Nel corso degli ultimi anni, la globalizzazione ed il conseguente sviluppo degli scambi internazionali hanno richiesto, ad un numero sempre maggiore di aziende, di avere presidi anche al di fuori dei confini nazionali. Per questo, non sono pochi i manager che sono partiti per rappresentare e trasmettere a tutto il personale del paese prescelto le best practice, la cultura ed i valori aziendali. Secondo recenti dati Inps, il numero di manager italiani espatriati all’estero è aumentato di circa il 30% rispetto allo scorso decennio. E questo numero è destinato a crescere ancora.
“La presenza di uno o più expatriate – dichiara Stefano Ferrinda, Global Account Manager di Hunters Group, società di ricerca e selezione di personale altamente qualificato – si rivela fondamentale perché rappresenta un vero e proprio strumento di integrazione e coordinamento, il cui obiettivo è quello di soddisfare le aspettative di internazionalizzazione della casa madre. Le aree geografiche nelle quali vi è una maggiore richiesta sono il Nord America, l’area EMEA e quella APAC; i settori più interessanti per i candidati italiani sono, invece, l’oil&gas, l’energy, l’engineering ed il construction.
La selezione di queste figure gioca un ruolo decisivo poiché, dalla scelta della risorsa, dipende il successo, il rallentamento o persino il fallimento dell’intero processo di internazionalizzazione. Un esito negativo si tramuterebbe automaticamente in un inutile dispendio risorse, anche economiche. “Per evitare di correre questo rischio – aggiunge Stefano Ferrinda – sempre più aziende si affidano a società di head hunting e consulenza aziendale che, con la propria esperienza e le proprie competenze nelle attività di ricerca e selezione, riescono ad individuare le figure più adatte al ruolo, limitando notevolmente le possibilità di fallimento”.
Ma quali sono i requisiti fondamentali che devono essere presi in considerazione nella selezione dell’expatriate? Sebbene sia riconosciuta, naturalmente, l’importanza delle competenze professionali e linguistiche del candidato, una maggiore importanza viene attribuita alle soft skill, ad esempio la capacità di comprendere le differenze culturali, di adattarsi a cambiamenti drastici e repentini, di relazione e di ascolto. Si tratta dunque di caratteristiche dell’individuo che, a differenza delle componenti più hard del ruolo, non possono essere acquisite, almeno non nel breve-medio termine. L’approccio del candidato deve essere internazionale, senza tralasciare flessibilità, intelligenza emotiva, sensibilità culturale e capacità di gestire situazioni di stress elevato.
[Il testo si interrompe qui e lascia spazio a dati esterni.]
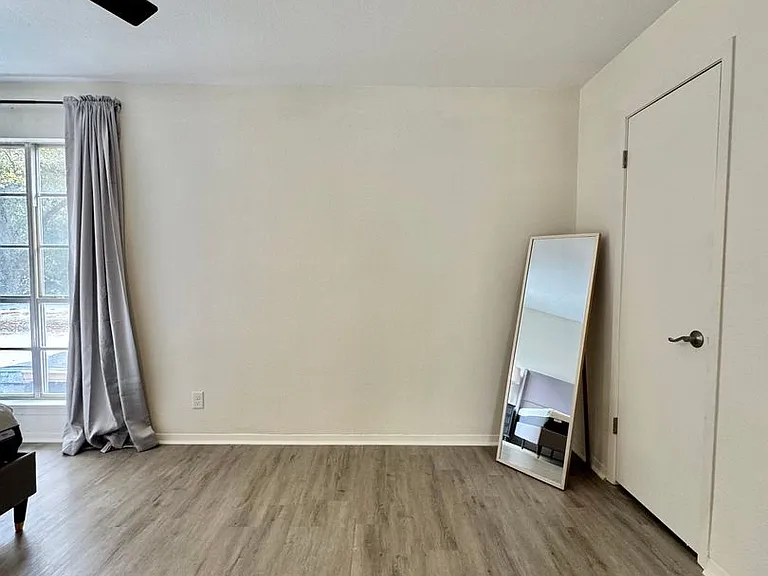 2408 Lindenwood Dr — Photo 25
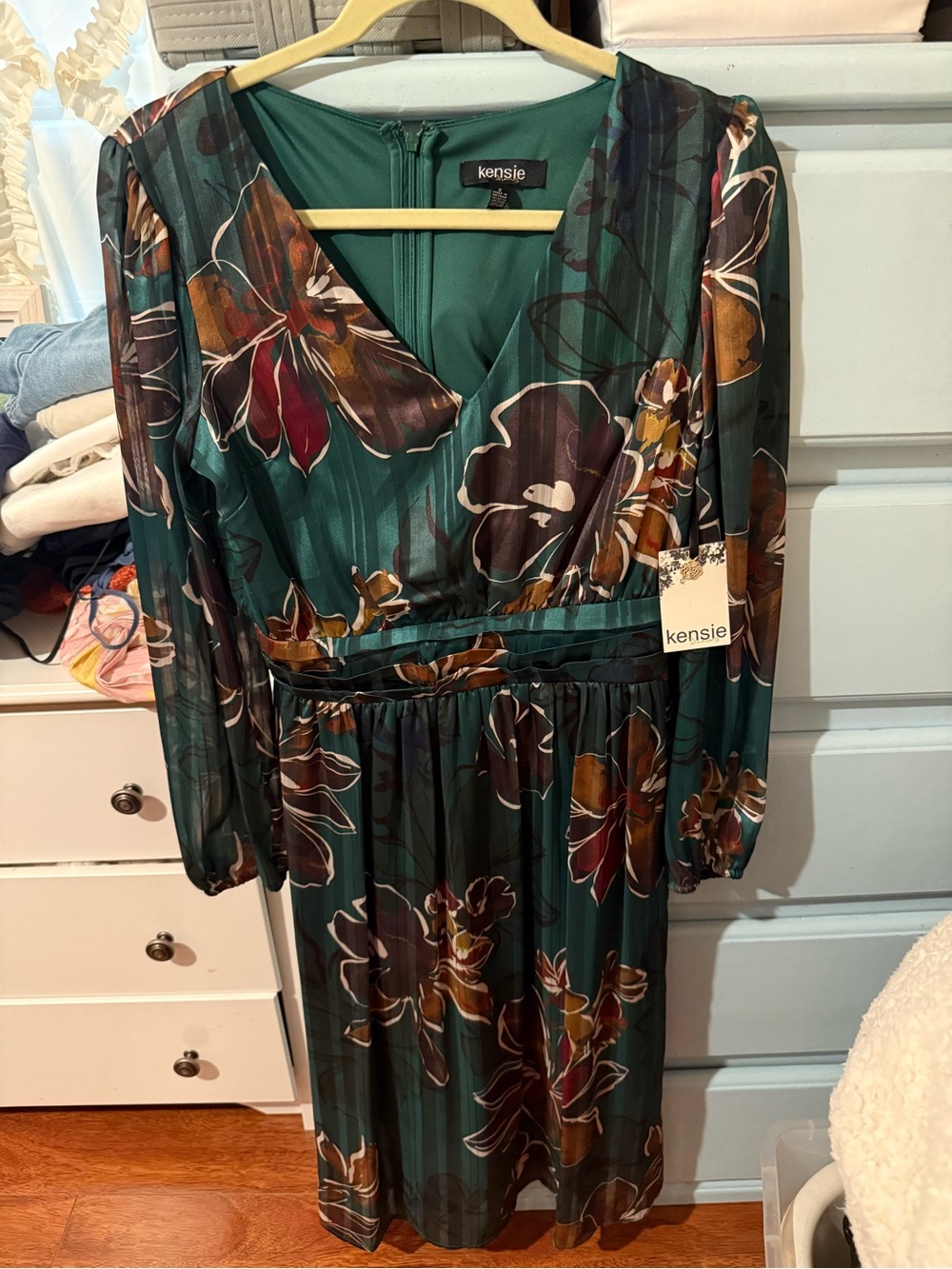 Kensie Teal Floral V-Neck Long Sleeve Midi Dress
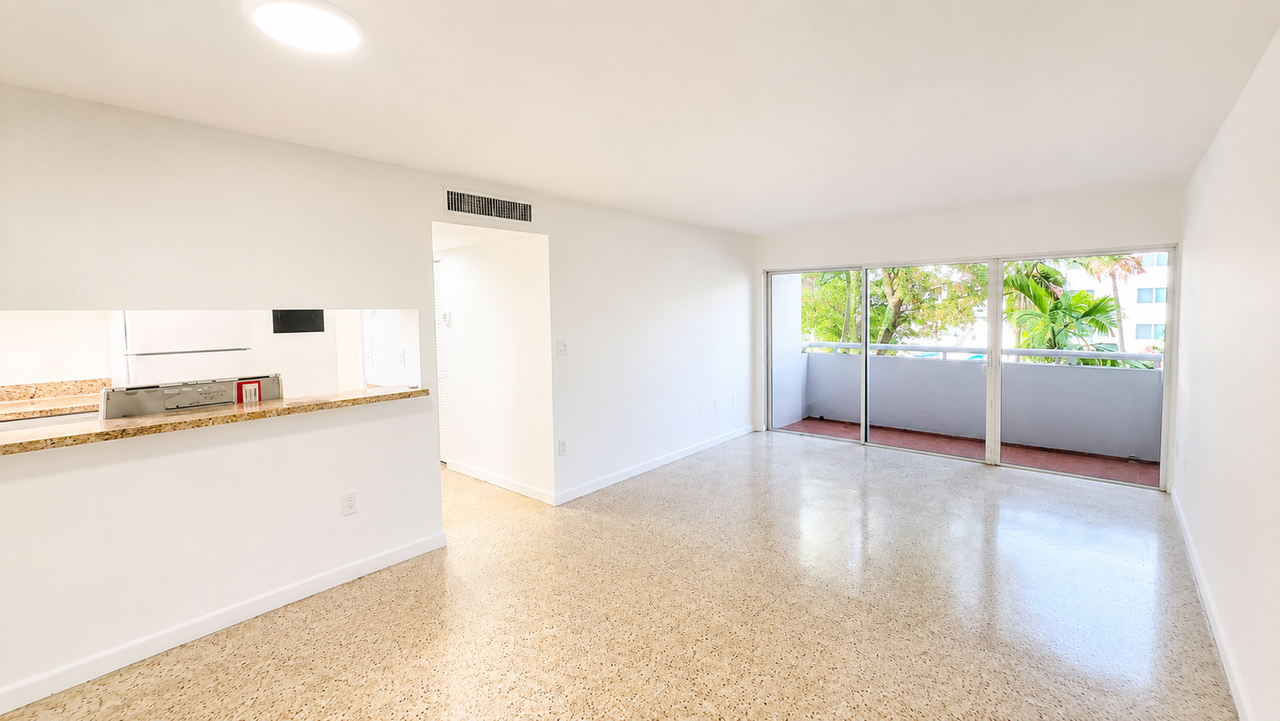 Giovanna Apartments - Photo 2 of 20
Un altro aspetto che deve essere analizzato con estrema attenzione, poi, è legato alle aspettative nei confronti di un’esperienza all’estero, le motivazioni che spingono a valutare una simile opportunità lavorativa, la durata dell’incarico e le differenze culturali, politiche, economiche ed ambientali rispetto al Paese di origine. Sono tutti elementi che hanno un grande impatto, anche perché coinvolgo non solo il candidato, ma anche un eventuale nucleo famigliare che potrebbe partire con lui.